I’ve got other more prosaic/realistic questions (APM protection mode ahead ;-)) Ever the doubtful, i am slightly concerned that this is a bit of physical typecasting. I wasn’t happy reading in the Tv article linked above about the hulking, burly, teeth business. I hope they decided to cast him for his acting chops primarily and not his physical body type, but i wonder… I’ve always wanted to see him do a baddie, but i thought more of a brainy baddie than a burly, very physical one if you know what i mean (biting noises in my head… ). He’s mentioned how much he liked Fargo and although i didn’t like it nearly as much (precisely for the everyman into killer twist), this is not something in that sort of vein but much gorier, brutal. I would have been more fascinated by something as psychologically twisted but fascinating as a journey as Fargo (in fact that’s the sort of baddie i would have been more interested in exploring). There is (don’t hit me please) precious little original about Dolarhyde as a villain (abused becomes abuser and the epitome of the worst of the worst, beyond reason and any shred of humanity).

Also, as you can probably read through the lines above, while i consume massive amounts of murder mystery, i’m deeply uncomfortable and concerned  with the growing trend towards ever viler, gorier, more inhuman violence which seems to make it acceptable/normal. In fact i’ve found less and less in this genre that i actually enjoy watching because it seems to be a race in who can do the worst.

I’ve also got a slightly smaller worry about what the role will do to him, but it’s only 6 episodes and i’m confident something else will come along and he’ll launder himself of the character soon enough 😉

So, will i follow? Will i (be able to) watch?

I don’t know… Unfortunately just reading the wiki page and seeing that image of Fiennes as the character has already triggered some scary thoughts and pictures in my mind (too much imagination!). I’ve stopped watching the series precisely because it made me so uncomfortable and also because the evil just spun in on itself. In order to follow the character i’d have to watch the full series to properly understand where they are going…

Curiosity killed the cat and that’s precisely what i am afraid will happen to me. That the curiosity about wanting to see him act will get the better of me and i will watch (and i know already it will be intense) and then i’ll have the image of some big evil monster literally gnawing through my brain forever… Will i be able to see/think of Proctor, Thorin without getting the monster in there too?
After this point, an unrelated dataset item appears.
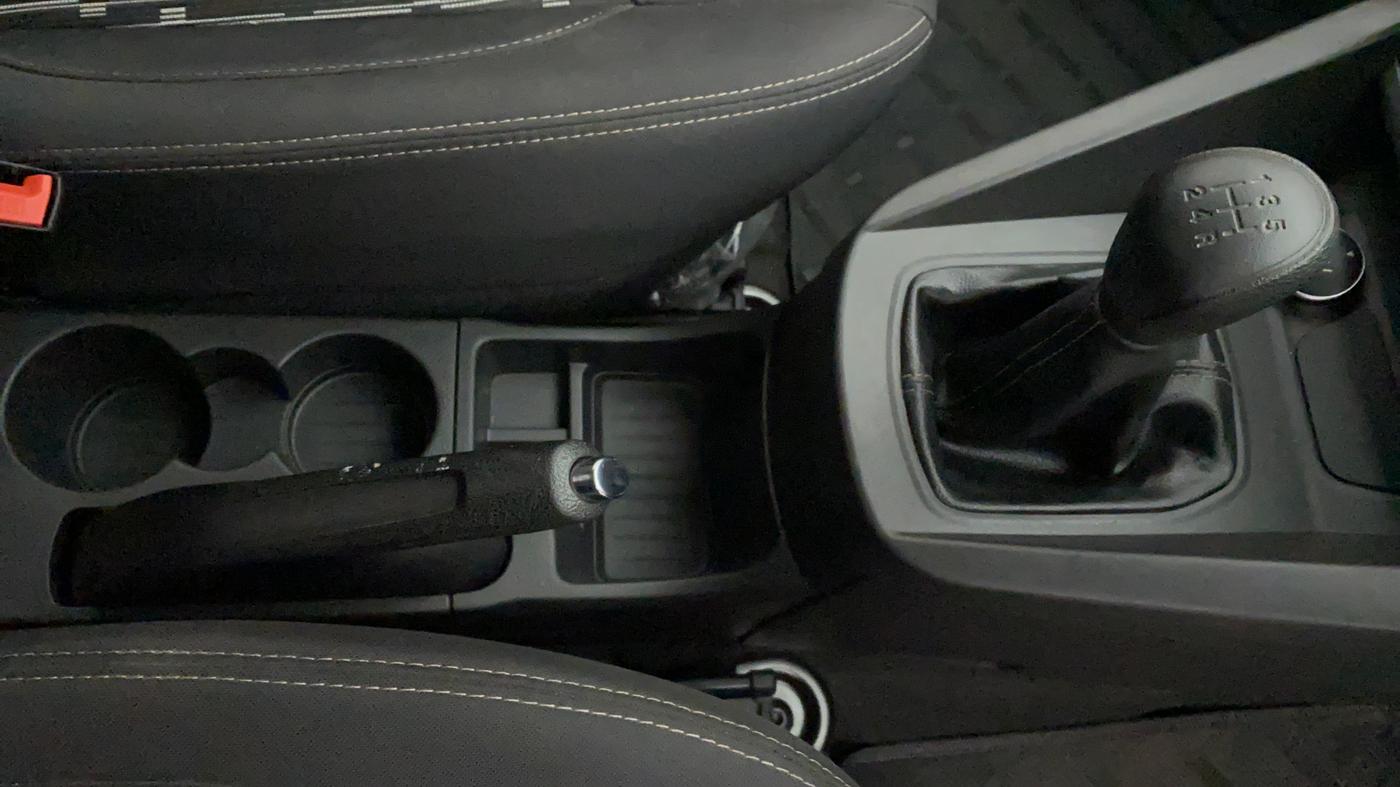 2020 Ford New Figo TITANIUM 1.2 PETROL MT, Petrol, Manual, 10,342 km, Gear Lever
I’m most afraid of those precious imprints being tainted by other images that i won’t be able to stop…

And these are my honest thoughts at the moment, uncomfortable as they are… disturbing enough that in the end i haven’t continued watching Robin Hood tonight as this occupied the little free time i had.

But there’s another day tomorrow (and another argument to be had about another baddie who puts babies out in the forest…and has tatooes… and is an assassin… no biting so far 😉 )

Edit – Extras (or recommendations for murder-mystery junkies like me)

I thought since i mentioned various stuff i might as well recommend some i watch/ed and enjoyed for those among you into the genre and to point out that the stuff out there is very varied indeed.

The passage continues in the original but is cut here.